Again, for context in 2021 the United Nations World Food Programme said it would need around $US 40 billion annually to end world hunger by 2030. That is a total of $US400 billion.
That is less than half of what Musk could get if Thursday's proxy vote surrenders to his 'I will hold my breath and turn blue till I get what I want' tantrum, and it sets a worrying precedence for future C-suite pay packages, opening the door for greater concentration of wealth.
It is doubly unfair, campaigners have said, that Musk is already worth $US 500 billion, although that could also be argued for all of the billionaires on global rich lists. Data from Forbes indicates that figure for the 10 richest people in the world (not including the Tesla and X boss) is nearly $US1.7 trillion.
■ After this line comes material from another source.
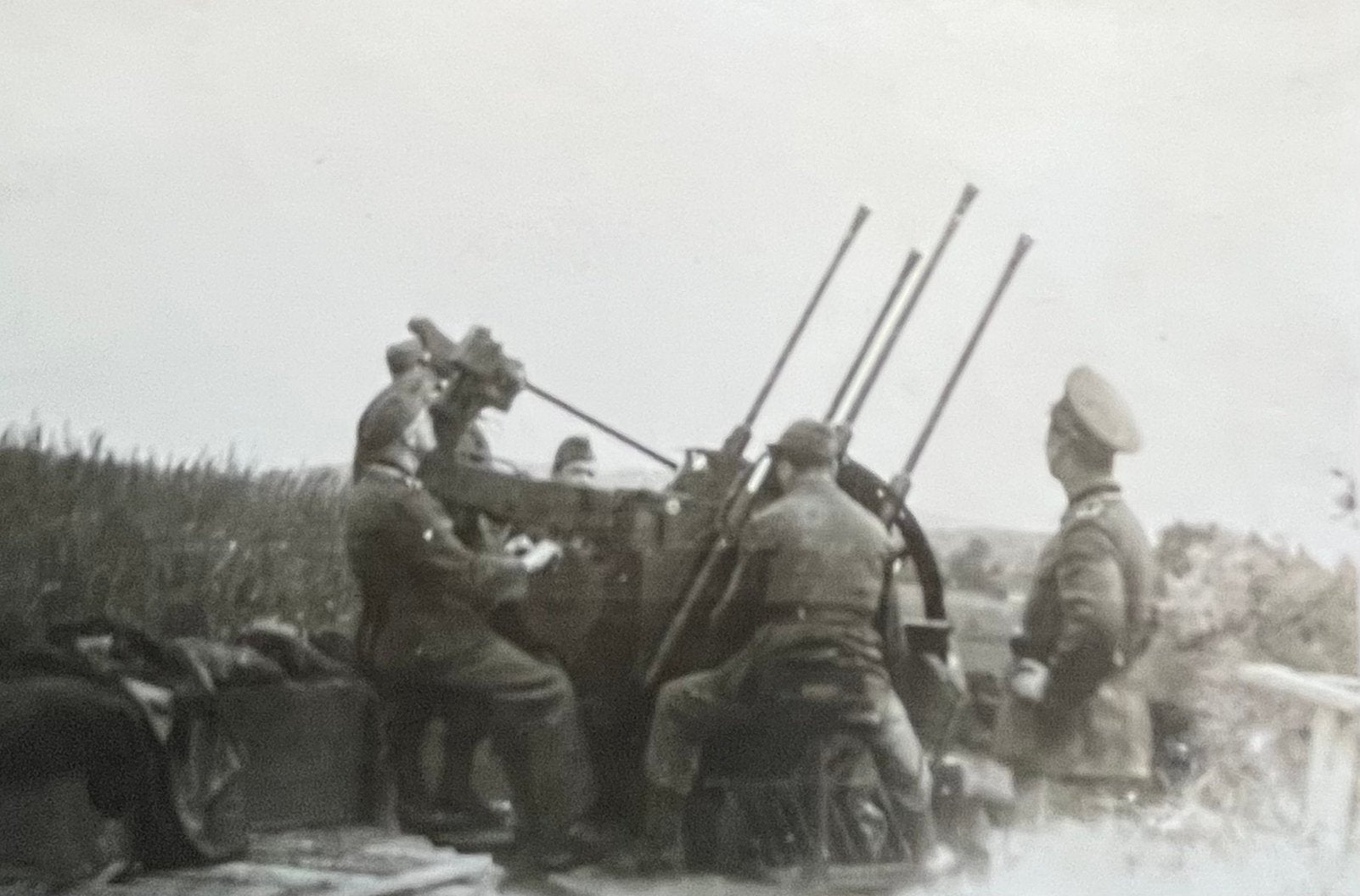 WO2 DUITS Zw/w foto FLAK vierling met bemanning, Verzenden, Landmacht, Duitsland, Foto of Poster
Photo: Screengrab from forbes.com/real-time-billionaires
These numbers emphasise alarming levels of financial inequality in the world, a red flag that has been waved by nonprofits and campaigners over the past several years, who have called out stagnating poverty levels worldwide even as the rich get comically richer, faster.
Tesla, though, has said the package reflects Musk's importance to its goal - to generate market capitalisation of $US 8.5 trillion and achieve a maximum EBITDA of $400 billion in 10 years.
Immeasurably wealthy, tragically unfair?
In 2024 Oxfam predicted the world's first trillionaire would be made within a decade.
Twelve months later that prediction was updated - five would be made in that time.
The report said billionaire wealth grew $US 2 trillion in 2024, which was around $US 6 billion generated per day for these individuals, and four new billionaires joined the ranks every week.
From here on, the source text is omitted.